Durante gli studi liceali incontra Novalis, il Dolce Stil Novo, Rimbaud, Baudelaire e gli altri, ma è con la poesia russa che s’instaura una lunga storia appassionata che ha inizio con Majakovskij, passa per Anna Achmatova ed approda a Pasternak e Cvetaeva. Diviene poi onnivora, individuando alcuni modelli di riferimento, soprattutto emotivi, quali Alda Merini, Pablo Neruda, Vivianne Lamarque, Mario Benedetti, Sylvia Plath, Bertolt Brecht.
L’adolescenza e la giovane età adulta la spingono fortemente verso l’interno e la scrittura diviene allora veicolo d’espressione, sublimazione e liberazione da se stessa.
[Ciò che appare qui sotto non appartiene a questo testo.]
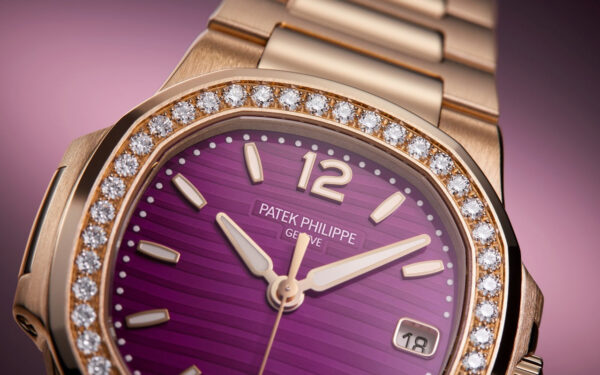 Patek Philippe Nautilus, Ref# 7010/1R-013 - Image 5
Non evita le emozioni, ama profondamente l’animo umano e scorrazza fra le metafore. Per questi ed altri ben più complicati motivi sceglie di dedicarsi alle “arti” della psicologa e della psicoterapia, tanto vituperate da una certa intellighenzia spaventosa e spaventata.
La scrittura, la sofferenza, l’esistenza, così come la terapia e la possibilità della gioia sono in lei aspetti indissolubilmente legati. A volte in lotta, talvolta alleate, tutte queste esperienze animano un mondo fatto di menti-corpi-relazioni in cui il “male al cuore” e il “bene al cuore” si alternano dinamicamente o bruscamente, dando vita ad una poesia sensibile e terrena.
Negli anni 2000 collabora con Rizoma e Ricerca di Strano, pubblicazioni indipendenti ed esperienze d’amore e d’amicizia, all’interno delle quali incontra poeti, scrittori e musicisti, cresce e riceve numerosi riconoscimenti. Da questo momento in poi la scrittura diviene in lei meno naif e maggiormente intenzionale.
In continua e silente evoluzione cerca attualmente di sfatare il mito della “maledizione poetica”, combattendo il sex appeal sado-maso della scrittura come liberazione dalla sofferenza, come esercizio masturbatorio, alla ricerca di una soluzione di sintesi fra opposte fazioni, di superamento del conflitto fra arte e vita.
Vive e lavora a Roma, scrive dappertutto, ma l’ispirazione migliore la coglie spesso in macchina, davanti a un semaforo rosso, quando l’asfalto e il cielo si mescolano alle parole.
Prima o poi, magari, pubblicherà una raccolta dei suoi scritti, seguendo affettuosi consigli.